Patterns are divided into the one-row method, in which the sequence length is divisible by the total number of stitches in your row; and the “serpentine” method, in which the sequence length is not an even multiple and has to be completed in the next row—like a sentence that runs over one line and into the next; and the spiral method, in which the sequence is worked in the round, with examples of stacking motifs and ones that stagger.
All the swatches were knit in the same grey yarn—chosen, she explained to Tom van Deijnen in an interview, so that the readers’ imagination could fill in the color blanks themselves.
This is an intelligent book (you’ll find binomial coefficients and computations involving n) but it’s also extremely easy to work through at face value, swatch by swatch. If swatching for swatching’s sake isn’t your thing, you’ll also find several charmingly simple patterns for cowls and scarves, each illustrating a different characteristic of sequence knitting.
Perhaps what I love most is the fact that Campochiaro does not claim to have invented anything.
Perhaps what I love most is the fact that Campochiaro does not claim to have invented anything. She was introduced to the notion of sequence knitting while working Stephanie Pearl-McPhee’s One-Row Handspun Scarf. That scarf may have sparked ideas, but Campochiaro still doesn’t claim ownership of any grand, entirely new and self-trademarked revelations.
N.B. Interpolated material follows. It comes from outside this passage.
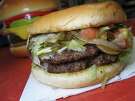 A double-meat burger can be ordered with white American cheese and a mix of grilled onions and jalapeños at Danny Boy's Hamburgers.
Rather, she refers to Elizabeth Zimmermann in suggesting that her work is more of an “unvention,” and provides an extensive bibliography for all those interested in exploring these ideas further.
This book’s impeccable execution, both technically and physically, are proof that the line between self-published and traditionally published books has disappeared. It is hefty and beautiful, comprehensive and thorough. If Cecelia made any compromises in its production, they are invisible to me.
She picks up the ball of inspiration and runs with it, producing an exquisitely subtle and geeky collection that will keep you swatching and learning—and smiling at your work—for a long, long time.